Now, why I am happy about this:
It seems that a suspend cycle changes something that explodes on next
resume. a s2disk cycle cleared this, but not anymore, thus the poison
must be somehow connected to the
a0d4922da2e4ccb0973095d8d29f36f6b1b5f703

PCI state?? I tried restoring it from saved file, (created on suspend)
but this didn't help.
(Only a single register, which looks like a clear or write register
changed).


Also this commits narrows down the search, now it is clear that this is
usb related. No wonder bios pokes at usb on resume and stalls.....


It could even be connected to bios handoff, maybe we don't do that on
resume?

(Note: this regression is present all way to latest -git)


What do you think?

Best regards,
Maxim Levitsky



2009-04-07 15:27:28

by Rafael J. Wysocki

[permalink] [raw]
Subject: Re: [BISECTED] [REGRESSION] can't anymore even do a s2ram-s2disk-s2ram cycle on acer aspire 5720G

On Tuesday 07 April 2009, Maxim Levitsky wrote:
> Hi,

Hi,

> This is first time, I am actually happy about a regression....
>
> I have a notebook, aspire 5720G that fails to do two suspends to ram in
> row.
>
> for example I can do s2ram->s2disk->s2ram->...
> but can't s2ram->s2ram.
>
> Well that at least was the situation till now.
> Also there is no way to debug this - bios doesn't pass control back to
> linux on failed resume. I tried probably every guess I could come with.
>
> Now, after a commit a0d4922da2e4ccb0973095d8d29f36f6b1b5f703 which I
> finally bisected, I can't anymore do two suspends to ram at all,
> regardless of suspend to disk in between. Also bios doesn't pass control
> when resume fails.

I wonder what happens if the in-between s2disk is in the "shutdown" mode.
Theoretically, it should work as a cold boot, so the second s2ram should work
in this case.

> I actually did 3 bisects, as I had to find fixes to 2 more s2ram bugs
> that were fixed.
> the fixes are:
>
> a0e280e0f33f6c859a235fb69a875ed8f3420388
> 1e70c7f7a9d4a3d2cc78b40e1d7768d99cd79899

Commit a0d4922da2e4ccb0973095d8d29f36f6b1b5f703 has been modified quite a bit
by some later commits due to regressions it introduced.

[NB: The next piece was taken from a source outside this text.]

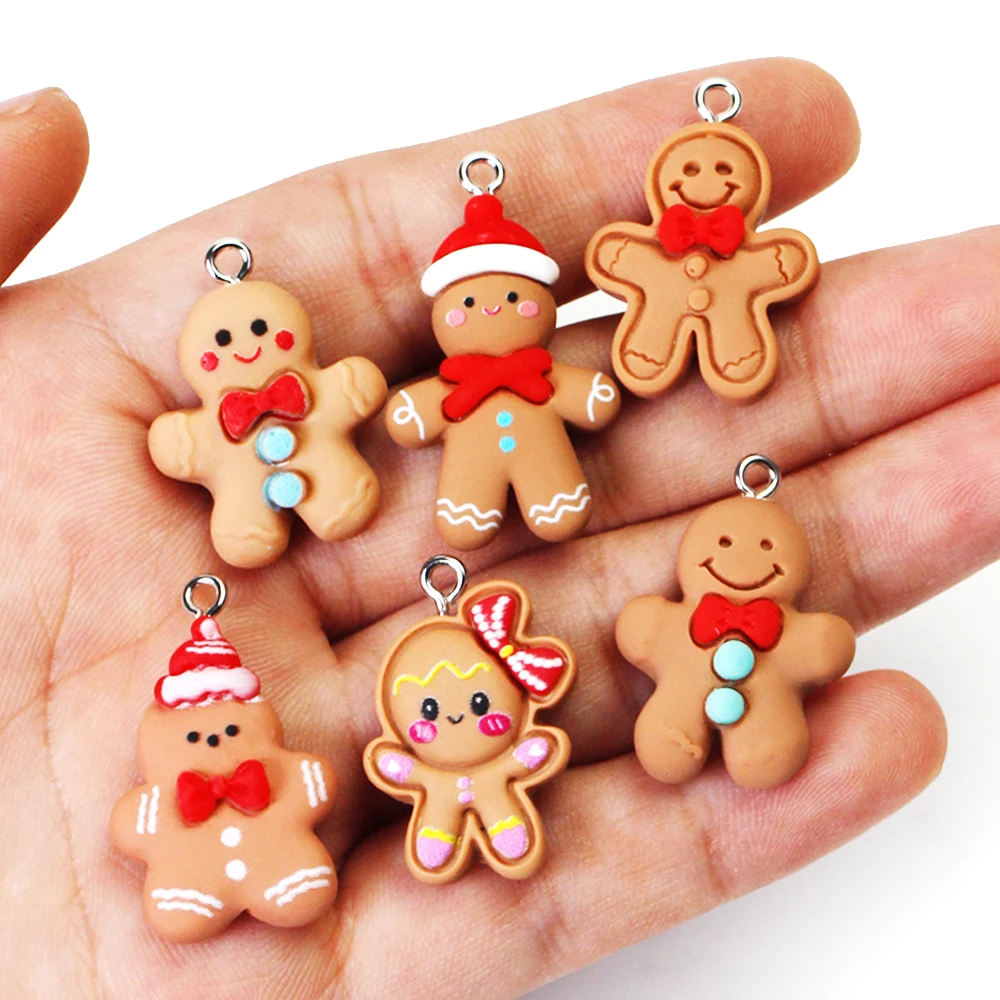 

10pcs Christmas Gingerbread Man Biscuits Charms Resin Cookie Xmas Food Pendant for Earrings Bracelet Diy Jewelry Making Supplies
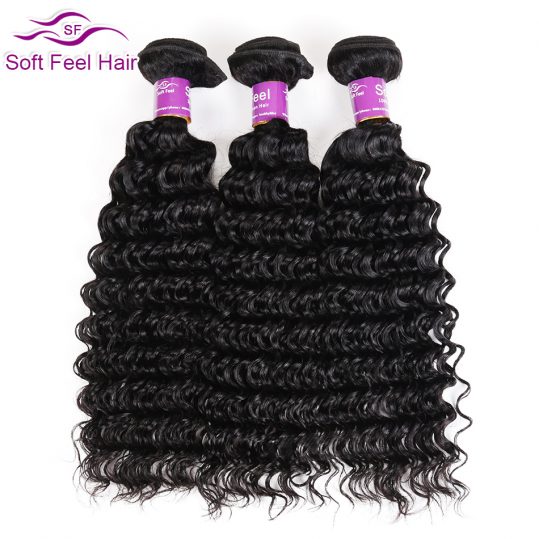 Soft Feel Hair Brazilian Deep Wave 1 Piece Human Hair Extensions 8-28 Inch Non Remy Hair Weave Bundles Natural Color Free Ship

> Now, why I am happy about this:
> It seems that a suspend cycle changes something that explodes on next
> resume. a s2disk cycle cleared this, but not anymore, thus the poison
> must be somehow connected to the
> a0d4922da2e4ccb0973095d8d29f36f6b1b5f703

Hint: it would be a lot easier to read the message if you included the subjects
of the commits too. :-)

> PCI state?? I tried restoring it from saved file, (created on suspend)
> but this didn't help.
> (Only a single register, which looks like a clear or write register
> changed).
>
>
> Also this commits narrows down the search, now it is clear that this is
> usb related. No wonder bios pokes at usb on resume and stalls.....
>
>
> It could even be connected to bios handoff, maybe we don't do that on
> resume?
>
> (Note: this regression is present all way to latest -git)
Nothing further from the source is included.